▶ _Prompt_
Below are records to return verbatim; the pictures are to be dropped.

▶ _Data shown_

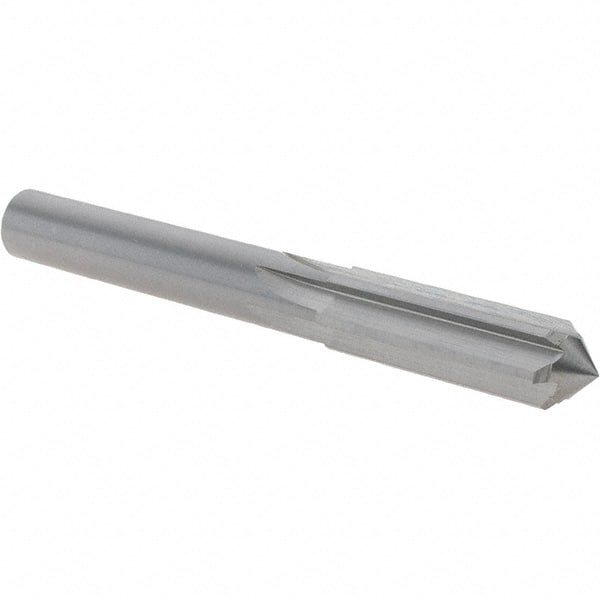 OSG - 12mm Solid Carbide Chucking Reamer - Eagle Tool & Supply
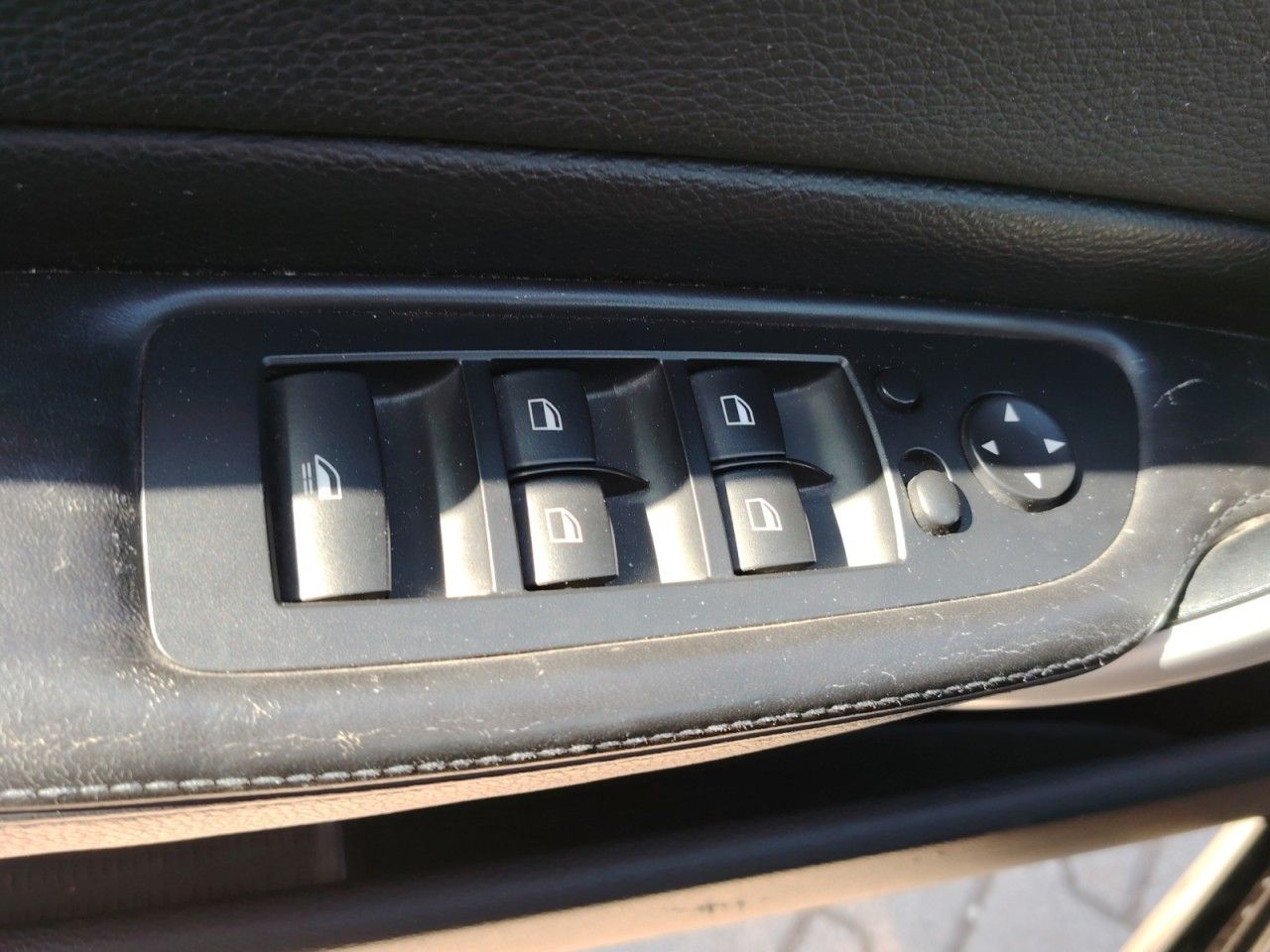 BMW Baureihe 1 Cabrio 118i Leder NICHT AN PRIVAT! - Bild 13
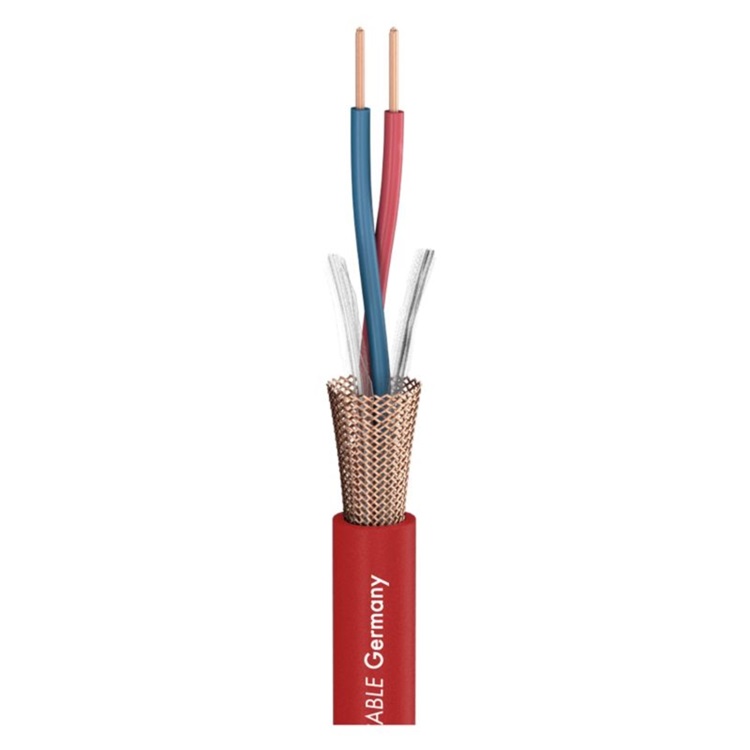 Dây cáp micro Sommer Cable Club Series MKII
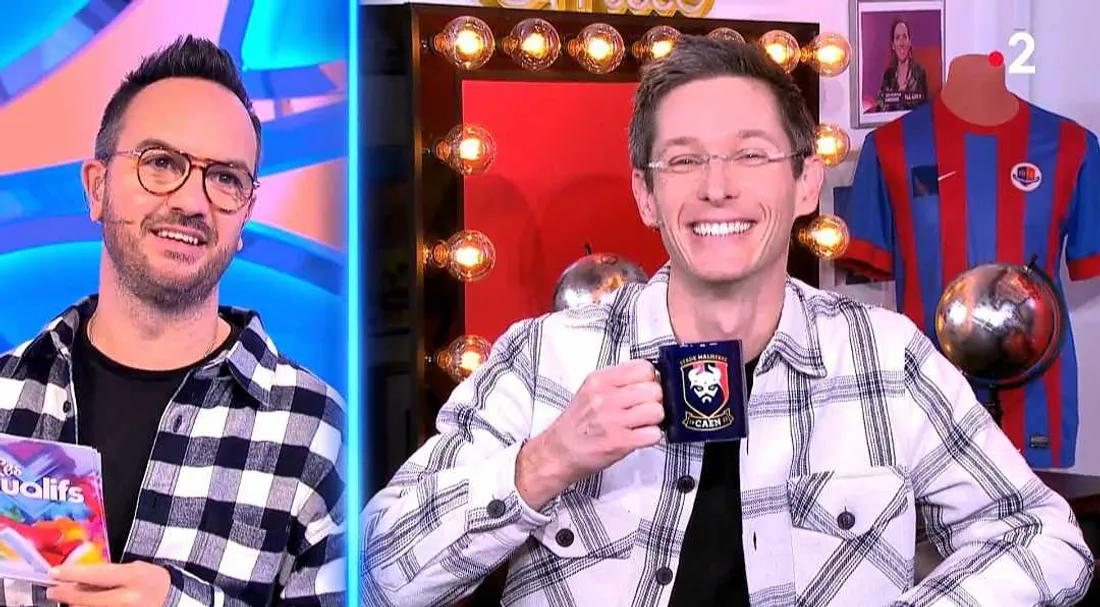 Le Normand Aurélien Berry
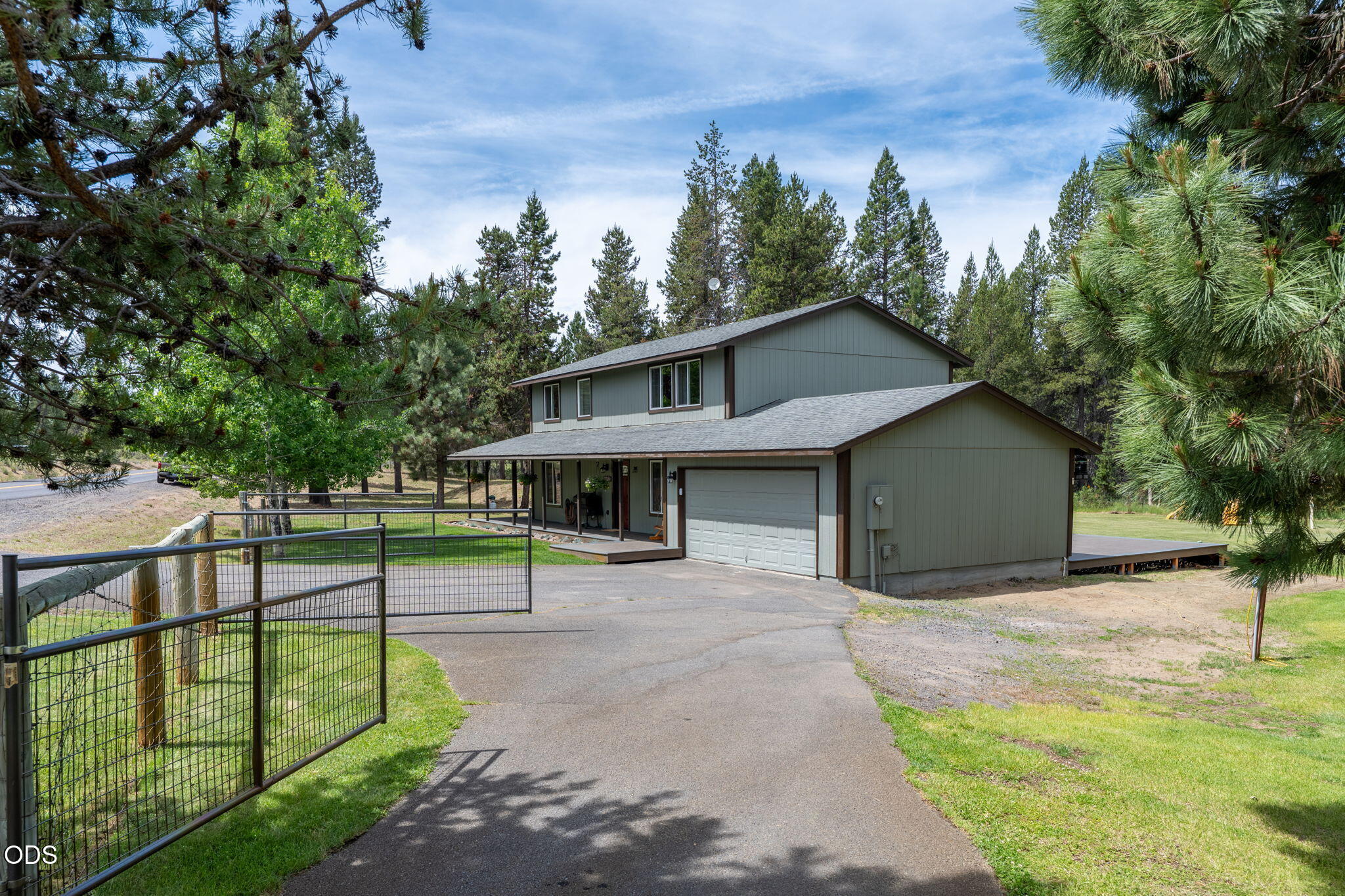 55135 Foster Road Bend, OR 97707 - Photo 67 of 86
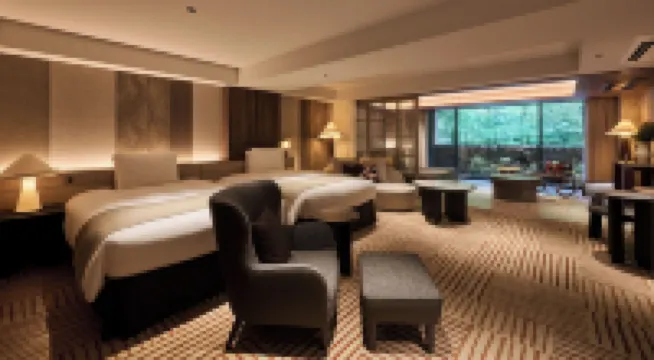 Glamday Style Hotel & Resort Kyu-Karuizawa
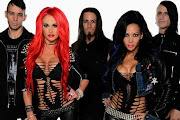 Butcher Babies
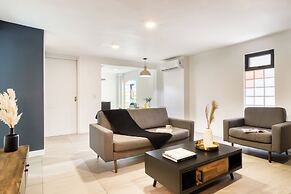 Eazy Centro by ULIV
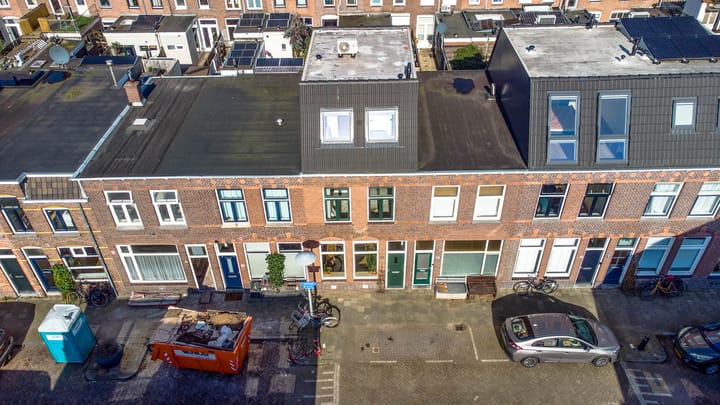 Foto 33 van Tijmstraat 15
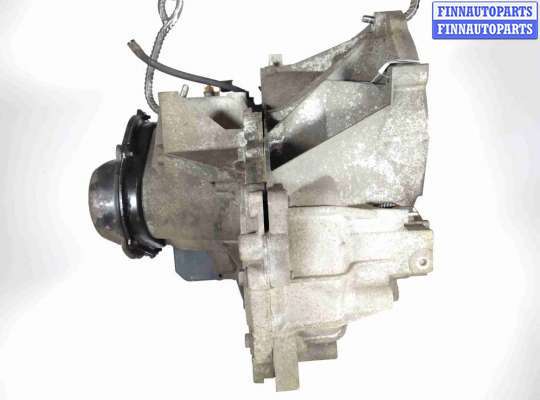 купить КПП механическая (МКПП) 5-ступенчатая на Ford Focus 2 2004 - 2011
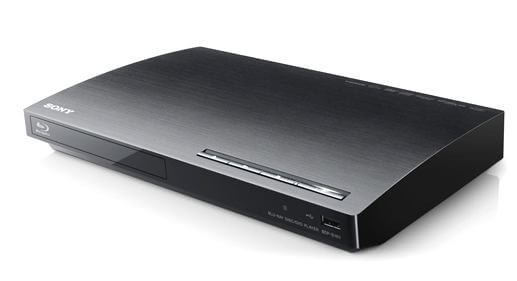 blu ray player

▶ _Problem solution_
 OSG - 12mm Solid Carbide Chucking Reamer - Eagle Tool & Supply
 BMW Baureihe 1 Cabrio 118i Leder NICHT AN PRIVAT! - Bild 13
 Dây cáp micro Sommer Cable Club Series MKII
 Le Normand Aurélien Berry
 55135 Foster Road Bend, OR 97707 - Photo 67 of 86
 Glamday Style Hotel & Resort Kyu-Karuizawa
 Butcher Babies
 Eazy Centro by ULIV
 Foto 33 van Tijmstraat 15
 купить КПП механическая (МКПП) 5-ступенчатая на Ford Focus 2 2004 - 2011
 blu ray player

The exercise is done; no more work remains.